Urinary tract infections (UTIs) are among the most commonly studied CISC complications. UTIs are more common in patients with indwelling catheters than in those performing CISC.17 In the literature, few studies report no significant difference in adjusted incidence rates of UTIs among patients managed with CISC versus indwelling urethral catheters.6

Urethral strictures are one of the challenging side-effects of CISC caused by a complex relationship. The act of repetitive catheterisation may result in inflammation, repeated microtrauma and the formation of secondary urethral strictures.18 According to the literature, the incidence of developing secondary urethral strictures in patients using CISC ranges from 4.2–40%.4,19,20 There are few studies which compare stricture rates in patients using intermittent catheterisation versus other bladder emptying methods, and their findings are inconsistent.18,20 In the same way, studies examining hematuria in patients utilising CISC produce mixed results.19,21–23 Hydrophilic catheters reduce urethral trauma and complications.24 However, the current evidence is limited, especially regarding the optimal catheter type for decreasing urethral complications and urinary tract infections.25 As a result, adopting an international questionnaire like ICDQ that will permit additional research examining these complications and potential interventions to prevent them is essential.

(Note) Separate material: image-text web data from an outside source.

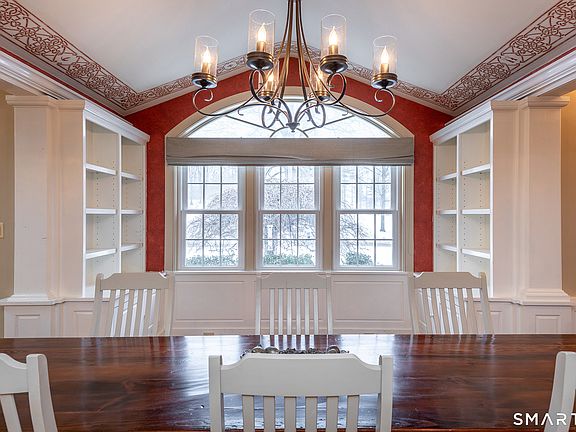 4th image of 143 East Canaan Road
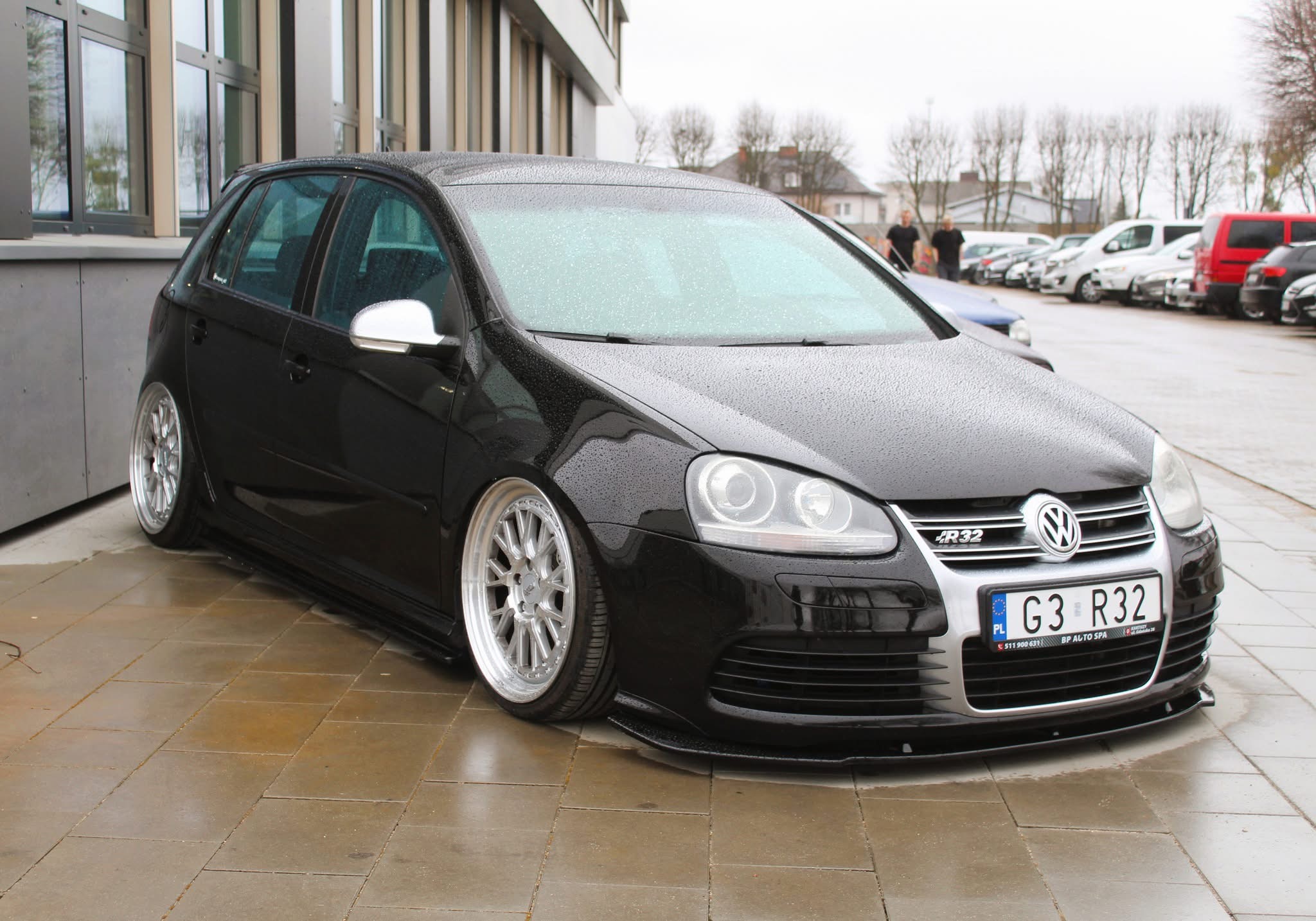 Volkswagen Golf R32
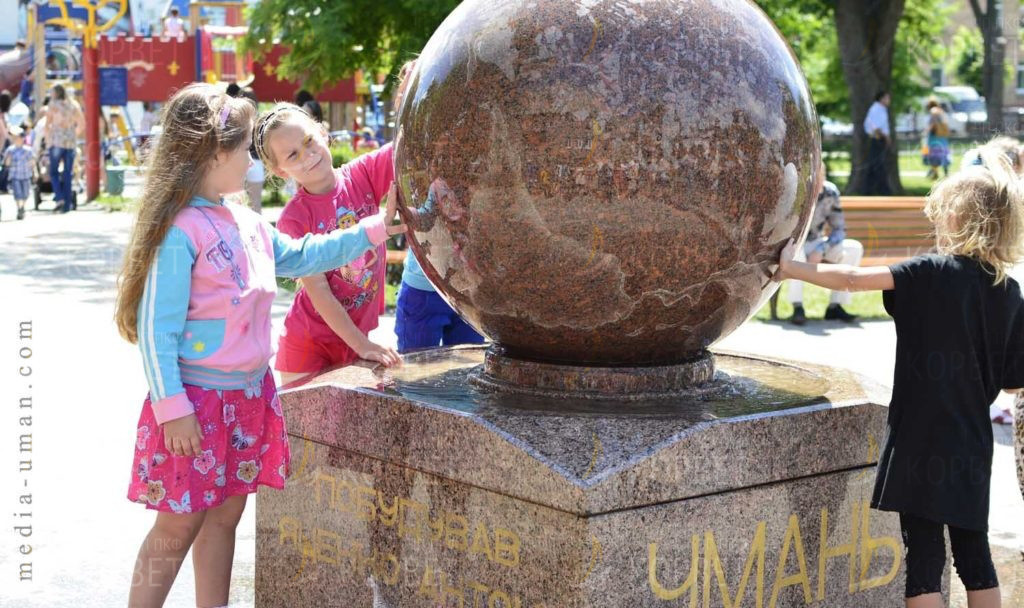 Фонтан "Плаваюча куля" із граніту під замовлення 1000 мм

Many studies describe the pain as one of the common difficulties in performing CISC. It is usually related to urethra trauma and bleeding, also known as complications.26 These difficulties in the process cause distress and negatively impact the quality of a patient’s life. Pain is a sensory and unpleasant emotional experience and, generally, is a limiting factor of activities, whatever their type.27 Regarding the prevalence of pain according to gender, one would expect the majority of men, but that is not the case. Women also report pain because they find it difficult to immediately identify the urethral meatus and to advance the catheter in an anatomically oriented manner during the catheterisation.27

This study showed no difference between men and women in mean total ICDQ scores. Our results are supported by other studies, although we could assume that men present more problems with CISC than women due to anatomical differences.28 In the same way, in multiple sclerosis, males do not present differences in the frequency of striated urethral sphincter spasms.28

Conclusion

ICDQ, a valid and reliable self-administered screening tool for patients who experience difficulties with regular CISC use, was successfully translated and validated into Greek. Evaluating and understanding more about the challenges encountered, better CISC utilisations, improved treatment strategies, and more appropriate choice of catheter types are all rendered possible. The improvement of treatment strategies is the result of frequent ICDQ use, with the comparison of results being a measure of treatment effectiveness from which treatment regimens can be modified for suitability.

Abbreviations

CISC, clean intermittent self-catheterization; ICDQ, Intermittent Catheterization Difficulty Questionnaire; SCI, spinal cord injury; MS, multiple sclerosis; CE, cauda equina; ICC, Intraclass Correlation Coefficient; ASIA, American Spinal Injury Association; PP-Test, Pencil and Paper Test; UTI, Urinary tract infections.

Disclosure

The authors report no conflicts of interest in this work.